Multi-Agent Reinforcment Learning for Financial Portfolio Management with Transformers
This project delves into the realm of financial portfolio management through an advanced approach: Multi-Agent Policy-Driven Reinforcement Learning. The focus is on leveraging transformers to model policy functions, steering away from conventional value-driven models to embrace a policy-driven multi-agent framework. This innovative shift allows for diversified investment strategies across multiple agents, each striving to maximize individual portfolio profitability.
The problem setup frames portfolio management as a Markov Decision Process (MDP), emphasizing states, allowable actions, and rewards. In the multi-agent scenario, the goal is to determine the optimal joint policy across all participating agents, aiming for cumulative reward maximization. The training dataset, spanning two decades, comprises the opening and closing prices of the top 30 stocks from the Dow Jones Industrial Average index.

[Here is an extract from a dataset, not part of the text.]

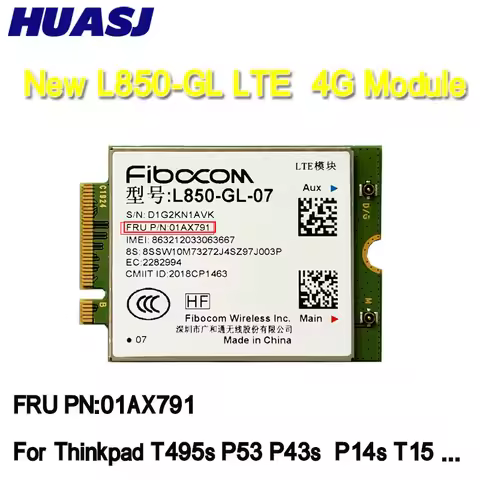 4G LTE Wireless L850-GL M.2 Card For Thinkpad T495s P53 P43s T14 P14s T15 T14s X13 P15s L14 L15 01AX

The proposed method employs Multi-Agent Policy-Driven Reinforcement Learning with Proximal Policy Optimization (PPO) and introduces transformers to model policy functions. The framework’s architecture encompasses individual transformer networks for each agent, fostering maximum diversity and individual reward maximization. Two key evaluation metrics, Return and Sharpe ratio, gauge the profitability of the method.
The project’s codebase is implemented within FINRL, an open-source library dedicated to financial reinforcement learning, incorporating three layers: market environments, DRL agents, and applications.